Tao Zhang1, Yang Zhao1, Fuhui Wang1

1Northeastern University, 3-11 Wenhua Road, Shenyang, 110819, China

EXTENDED ABSTRACT: The increasing demand for resources has shifted the exploration towards ultra-deep oil wells at Tarim oilfield in the Northwest of China [1]. Oil Country Tubular Goods (OCTG) are in the oilfield environment, which is conducive to corrosion. The development of a theoretical model to predict corrosion damage of HP-13Cr SS in the extremely oilfield environments has become necessary. However, the modeling became a challenge for corrosion under complex coupling environments due to which, the model required further reconstruction. A schematic of the corrosion rotating cage with various stress levels is displayed in Fig. 1. The constant tensile stress area exhibited a stable flow rate, which indicated that the T-type sample and the stress corrosion rotating cage could be used to simulate the stress, flow rate and the coupling experiments.

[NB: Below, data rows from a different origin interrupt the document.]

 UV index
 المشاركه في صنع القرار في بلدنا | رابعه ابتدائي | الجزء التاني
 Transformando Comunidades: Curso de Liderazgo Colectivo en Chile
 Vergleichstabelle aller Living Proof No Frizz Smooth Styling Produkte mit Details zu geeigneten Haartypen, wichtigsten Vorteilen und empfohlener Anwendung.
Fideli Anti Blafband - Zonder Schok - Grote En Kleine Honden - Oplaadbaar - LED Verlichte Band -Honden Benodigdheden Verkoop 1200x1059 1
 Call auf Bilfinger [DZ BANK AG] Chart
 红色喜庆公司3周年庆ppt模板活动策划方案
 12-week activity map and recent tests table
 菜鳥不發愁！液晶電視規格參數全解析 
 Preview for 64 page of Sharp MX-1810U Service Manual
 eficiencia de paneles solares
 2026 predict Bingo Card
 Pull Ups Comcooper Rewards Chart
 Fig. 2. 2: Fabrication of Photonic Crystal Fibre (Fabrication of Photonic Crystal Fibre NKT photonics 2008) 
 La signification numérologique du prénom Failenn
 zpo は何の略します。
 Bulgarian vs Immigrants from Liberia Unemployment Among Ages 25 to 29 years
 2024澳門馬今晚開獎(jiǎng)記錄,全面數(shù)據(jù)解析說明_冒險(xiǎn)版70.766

A multi-degree of freedom mechanistic-chemometrics model for predicting the pitting damage ofHP-13Cr stainless steel is developed by combining the mechanistic models and chemometrics method.The mechanistic model is reconstructed by considering the effect of single factors, such as high temperature, high CO2 pressure, flowrates and complex stress distribution. The single mechanistic models are combined together considering the weight coefficients of variable interaction using the chemometrics method. Finally, in order to verify the accuracy of mechanistic-chemometric model, the predicted results are compared with the field data of HP13Cr SS well after being used for six years in the Tarim area.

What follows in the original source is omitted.